Non sempre riusciamo a cogliere i motivi delle loro decisioni, io difficilmente riesco a capire i suoi atteggiamenti, eppure a distanza di tempo mi ritrovo quasi sempre a darle ragione. 

Da piccola mi faceva arrabbiare immensamente quando mi diceva che una determinata amicizia non era adatta a me, lei che mi aveva sempre insegnato che non bisognava giudicare una persona su due piedi, che bisognava conoscerle, viverle le persone. Intanto ci indovinava sempre.

Mi ha sempre regalato la mia indipendenza, non mi ha mai fatto “pesare” la mia età, non sono mai stata abituata a parole tipo ” sei troppo piccola per..” , mi ha sempre lasciato scegliere, dopo attenti e giusti pareri, ma mi ha sempre detto che la vita era mia. In certe occasioni sono arrivata ad odiarla. Vedevo la vita dei miei amici , dove i genitori sceglievano tutto, anche il tipo di scuola da frequentare e all’epoca mi veniva da pensare : beati loro che non sanno ancora il significato e il peso della parola “scelta” . Quasi non mi sentivo considerata.

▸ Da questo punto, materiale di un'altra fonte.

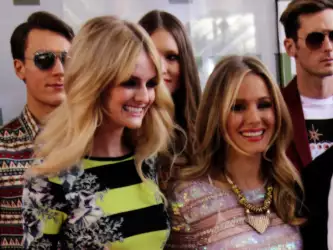 Kristen Bell At Opening Store In Las Vegas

Mi ha sempre chiamato cenerentola, ma non perchè io sia una principessa, ma per il mio modo di sentirmi sempre vittima. La amo quando me lo dice, mi riempie il cuore, perchè mi prende forte, mi dice quello che pensa e non ha paura che io possa offendermi.

Mi da una mano a rialzarmi, quando è lei quella che sta più male, mi aiuta con le mie cose, quando è indaffaratissima , mi prepara il pranzo anche quando non ha fame.